Miroslav Klivanski - EMC World 2014 - theCUBEAll Flash Arrays offer a number of distinct advantages over traditional disk systems, starting with superior performance and lower latency, but assessing the impact of that increased responsiveness on the bottom line involves a different set of metrics that many IT professionals in the traditional enterprise are not necessarily comfortable with yet.

That knowledge divide can turn into a major problem because without a clear view of the benefits,  an organization has no way of accurately determining whether or not an all-SSD system such as the XtremIO Array is worth the premium price tag, which hampers adoption and hurts sales for vendors. EMC, however, is not taking this lying down.  Miroslav Klivansky, the chief technologist for the vendor’s XtremIO unit,  stopped by theCUBE during its recently concluded customer conference in Las Vegas to share what his team is doing to make easier for CIOs to justify their solid-state memory investments with siliconANGLE founder John Furrier and Wikibon chief analyst Dave Vellante.

“Doing apples-to-apples comparisons for storage arrays is always a little tricky,” and it becomes even more difficult when it comes to measuring the cost-performance ratio of a flash system against that of a another or a traditional disk solution, Klivansky highlights. The challenge lies in the method of evaluation.

Flash is a “completely different beast” from a technical standpoint, he explains, necessitating a unique approach to performance testing and specialized tools. To that end, XtremIO has created a purpose-built assessment suite based on vdbench, a popular command line utility for validating storage systems that was originally developed by Sun Microsystems, now a part of Oracle.

Klivansky says that one of the reasons his team chose the tool is that it’s open source and, as a result, vendor-neutral, which means than it can be used to compare a wide range of systems from different suppliers. The software was also a very attractive candidate in terms of the functionality, he continues: “It’s very savvy around generating data that can work with storage efficiency algorithms, whether you need to dial in a certain dedupe or compression factor or you want to avoid that.”

The suite implements IDC’s official framework for evaluating all-flash arrays, according to Klivansky.
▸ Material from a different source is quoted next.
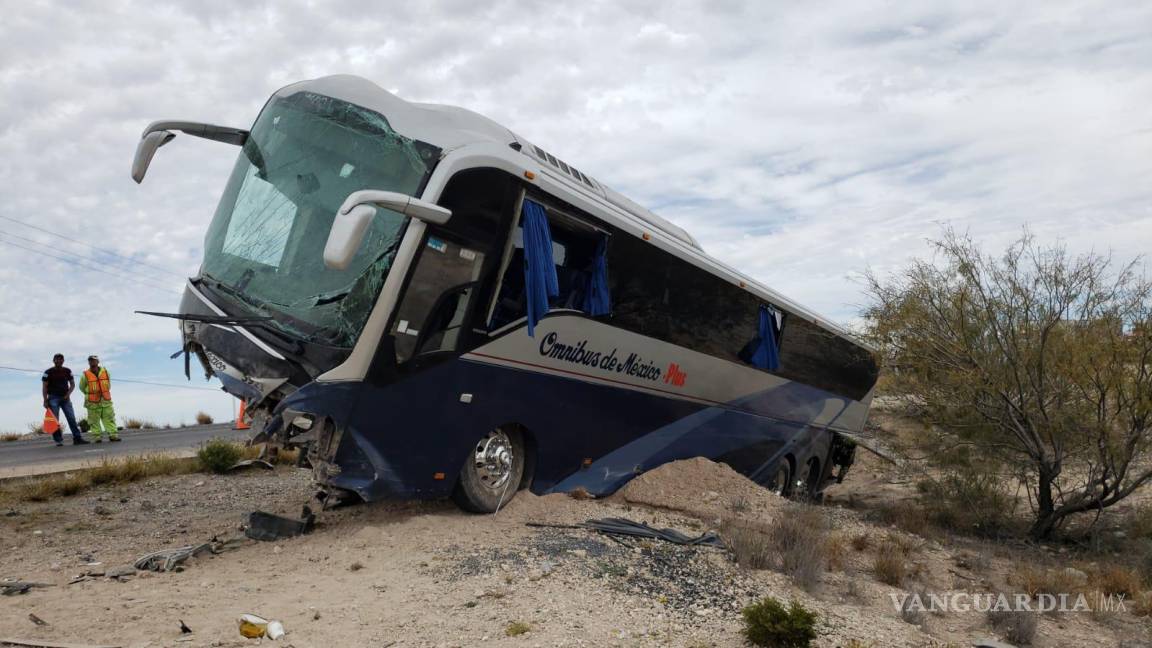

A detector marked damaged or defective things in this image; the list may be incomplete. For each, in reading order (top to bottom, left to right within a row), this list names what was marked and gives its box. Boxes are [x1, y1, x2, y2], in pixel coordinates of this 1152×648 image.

The first step is preconditioning,  or writing to every single cell in a system before doing any testing, a process that he explains is made necessary by the fact that unlike disk, the performance of solid-state drivers degrades over time.
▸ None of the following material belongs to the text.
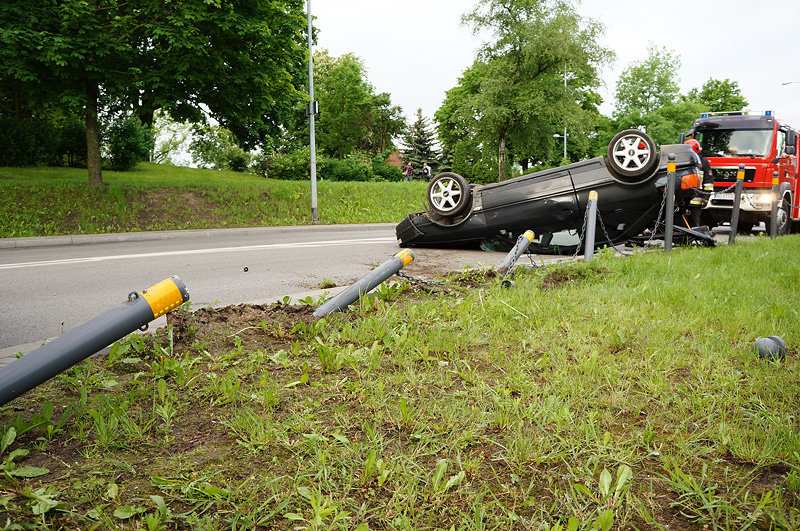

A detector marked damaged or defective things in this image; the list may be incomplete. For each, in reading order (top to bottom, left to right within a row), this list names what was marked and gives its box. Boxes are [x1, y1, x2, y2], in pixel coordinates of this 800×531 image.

overturned car [396, 130, 704, 252]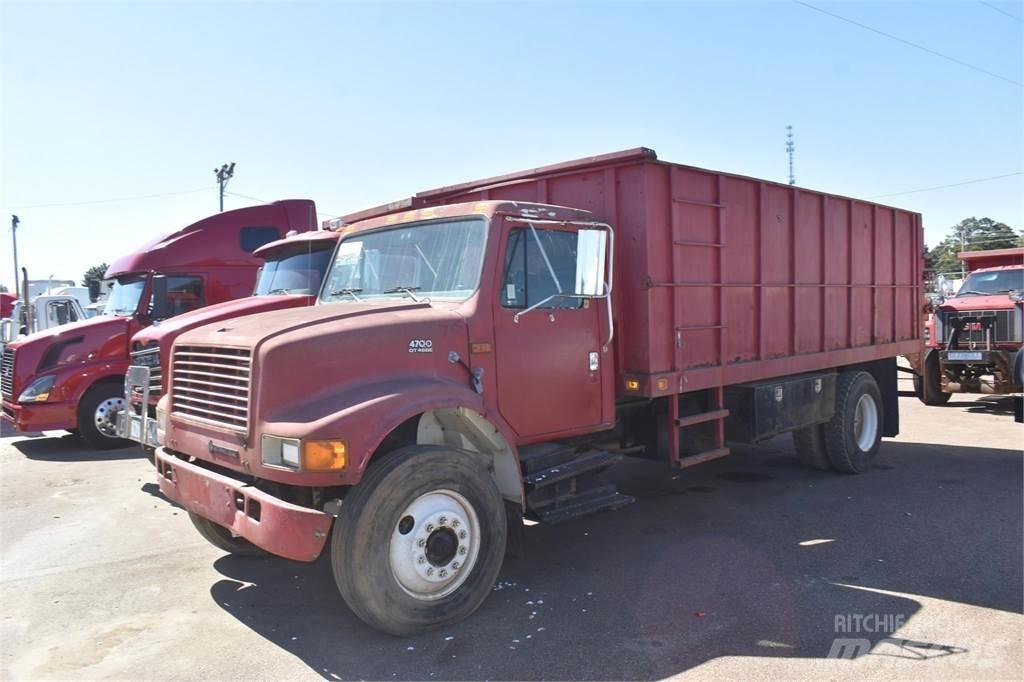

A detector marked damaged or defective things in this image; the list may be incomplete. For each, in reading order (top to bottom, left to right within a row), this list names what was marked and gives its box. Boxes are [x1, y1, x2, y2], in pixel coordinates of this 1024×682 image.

Once an all-flash array has been properly preconditioned, the actual evaluation can begin.  Klivansky says an array has to be testing over a broad spectrum of workloads with different read/write ratios for accurate results.

“Flash is fast. You can throw a bunch of flash into a box, and there are solutions out there that do, but just because the flash is fast doesn’t mean it’s gonna be fast in all different conditions, under all different circumstances, under heavy load as well as light load,” he elaborates. ”So if all you’re doing is throwing a couple of VMs on there and kinda lightly tickling the box, you’re not gonna get a real impression of what this array can do.”

The XtremIO version of vdbench was build with these requirements in mind. “It’s meant up to be set up and run over 2-3 days of heavy, I/O-intensive load on the array and it will characterize a lot of different combinations and give you information about how it thinks it will perform under stress in an enterprise environment,”  Klivansky notes. He adds that the analytics capabilities of the the toolkit are complemented by built-in data visualization functionality allowing admins to create graphs and charts which make performance statistics more accessible.